CN-122024017-A - Large model-intelligent agent cooperative dynamic extensible remote sensing target interpretation system, method and medium
Abstract
The application provides a large model-intelligent agent cooperative dynamic extensible remote sensing target interpretation system, a method and a medium. The target interpretation system comprises a cognition module, a planning module and an execution module, wherein the cognition module is used for carrying out task decomposition on a text task to be processed through a large language model, obtaining subtasks corresponding to the text task to be processed, obtaining direct dependency relations between every two subtasks, the planning module is used for carrying out task sequence planning on the subtasks based on the direct dependency relations between the subtasks, constructing a task execution sequence, the task execution sequence comprises a first subtask used for serial execution and a second subtask used for parallel execution, and the execution module is used for carrying out task processing on a multi-mode remote sensing image to be processed corresponding to the subtasks based on the task execution sequence, and outputting a task execution result.
Inventors
- Qi Xiyu
- LUO YICHANG
- LIU SHIXIONG
- LIU XIAOXUAN
- WANG LEI
- SHI HANRU
- WAN YUNFENG
- YANG YING
- ZHAO XINYU
Assignees
- 中国科学院空天信息创新研究院
Dates
- Publication Date
- 20260512
- Application Date
- 20260127
Claims (10)
- 1. A large model-agent cooperative dynamic extensible remote sensing target interpretation system is characterized in that the large model-agent cooperative dynamic extensible remote sensing target interpretation system comprises a cognition module, a planning module and an execution module, wherein, The cognitive module is used for carrying out task decomposition on a text task to be processed through a large language model, obtaining subtasks corresponding to the text task to be processed, and obtaining a direct dependency relationship between every two subtasks; The system comprises a planning module, a task execution sequence, a task execution module and a task execution module, wherein the planning module is used for carrying out task sequence planning on the subtasks based on the direct dependency relationship between the subtasks and constructing the task execution sequence, and the task execution sequence comprises a first subtask for serial execution and a second subtask for parallel execution; And the execution module is used for carrying out task processing on the multi-mode remote sensing image to be processed corresponding to the subtasks based on the task execution sequence and outputting a task execution result.

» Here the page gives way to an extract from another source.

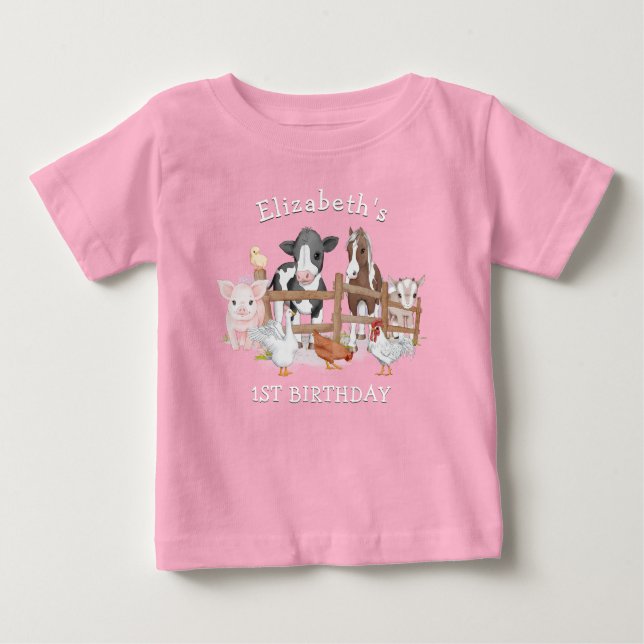 Camiseta Para Bebê Primeiro aniversario De Animais Da Exploração Agrí (Frente)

- 2. The large model-agent collaborative dynamic extensible remote sensing target interpretation system of claim 1, wherein the planning module includes a relationship construction module, a task acquisition module, and a sequence generation module; The relation construction module is used for constructing a directed acyclic graph based on the task execution step of the subtasks; the task acquisition module is used for acquiring the first subtask and the second subtask through a graph algorithm based on the directed acyclic graph, wherein the first subtask is constructed based on the subtask with the direct dependency relationship; the sequence generation module is used for generating the task execution sequence based on the first subtask and the second subtask.

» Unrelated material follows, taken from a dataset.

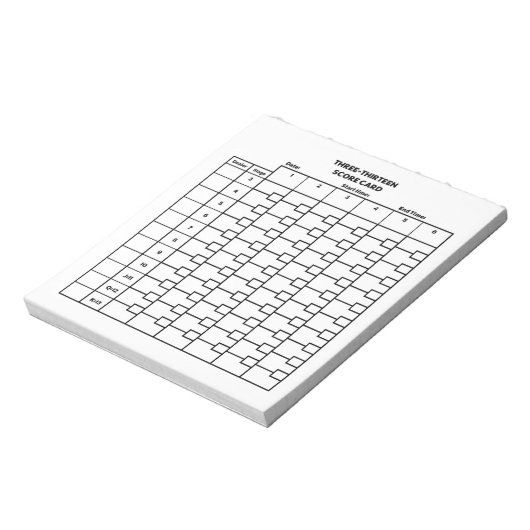 3-13 Score Kaart Notitieblok (Linkerzijde)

- 3. The large model-agent collaborative dynamic extensible remote sensing target interpretation system according to claim 2, characterized in that, The planning module is also used for acquiring a first image processing algorithm set corresponding to the task type of the subtask based on a first mapping relation between the task type and the image processing algorithm, acquiring a second image processing algorithm set corresponding to the mode of the multi-mode remote sensing image based on a second mapping relation between the image mode and the image processing algorithm, and performing algorithm evaluation based on the first image processing algorithm set and the second image processing algorithm set to acquire an optimal image processing algorithm; the execution module is further configured to perform task processing on the multi-mode remote sensing image to be processed corresponding to the subtasks based on the task execution sequence and the optimal image processing algorithm, and output the task execution result.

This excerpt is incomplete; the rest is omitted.